[[ Given information open ]]

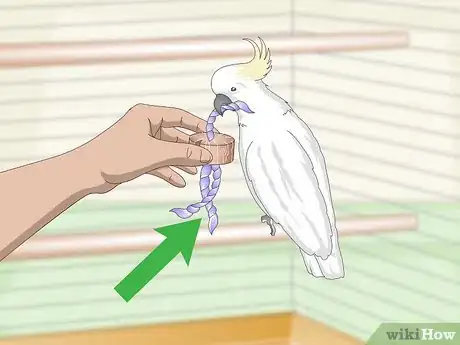 Image titled Choose a Cage for a Cockatoo Step 9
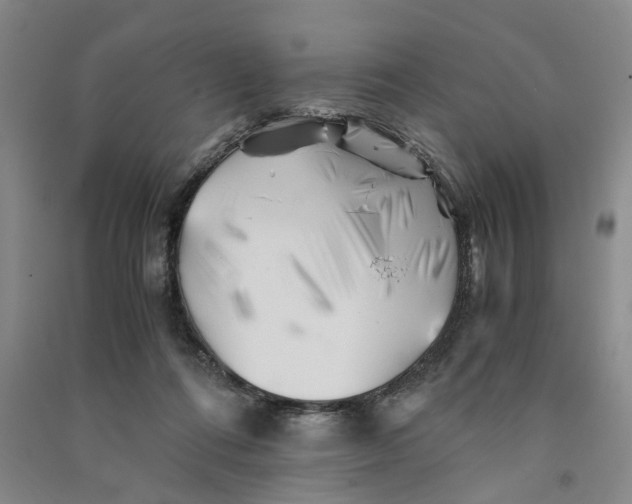 X0000090880312200708171650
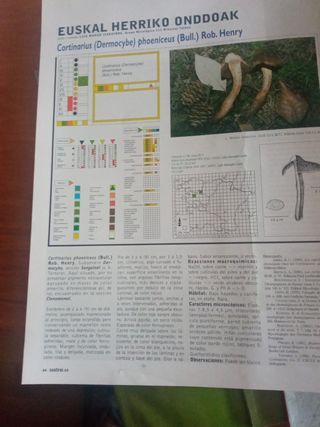 Revista Agro - Pesquera desde el número 10 al 98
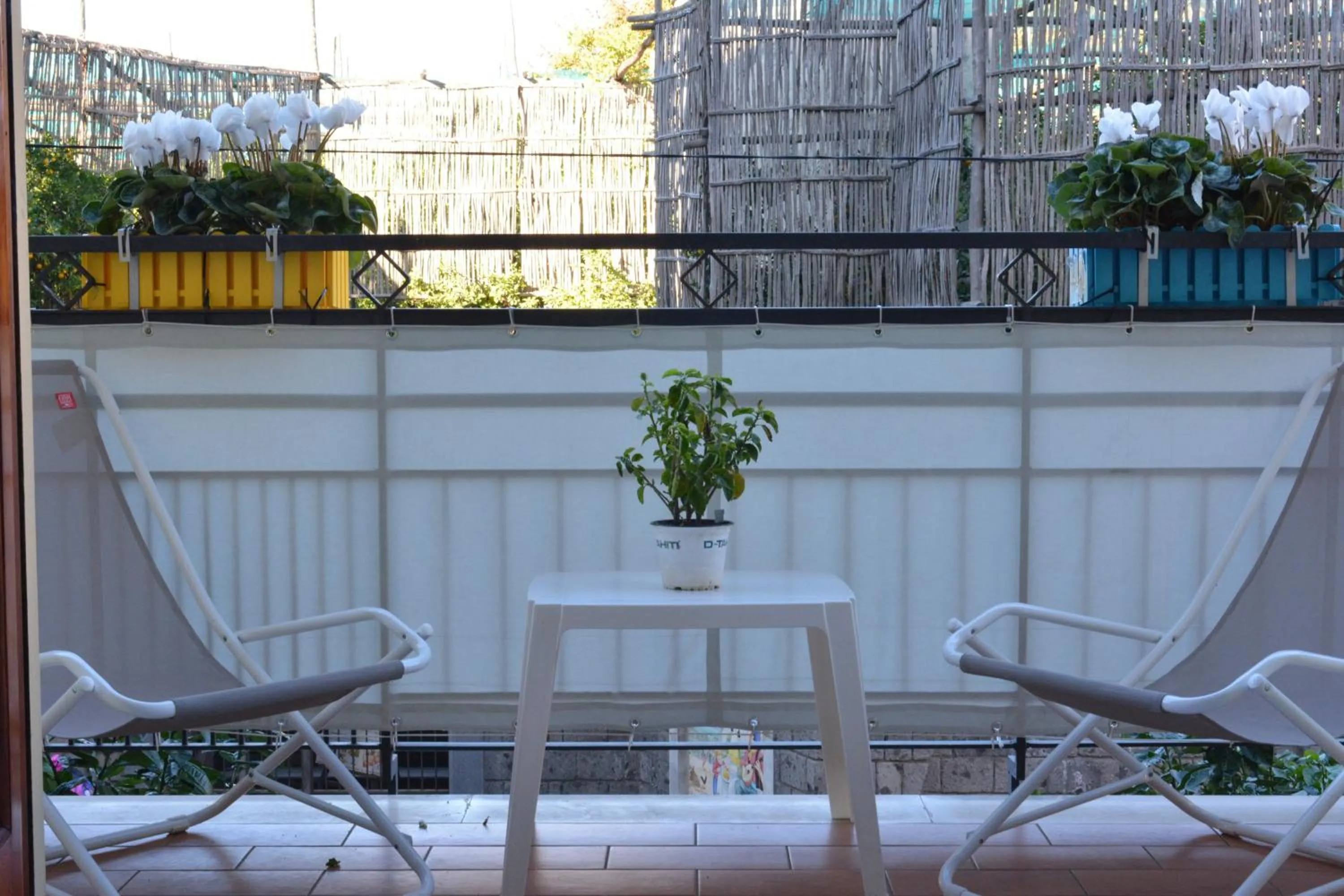 Balcony/Terrace in Flower Suites Sorrento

[[ Given information closed ]]

Your assignment → Copy the listing above in full and exactly, but omit each picture that it holds.

Response for this exercise →
 Image titled Choose a Cage for a Cockatoo Step 9
 X0000090880312200708171650
 Revista Agro - Pesquera desde el número 10 al 98
 Balcony/Terrace in Flower Suites Sorrento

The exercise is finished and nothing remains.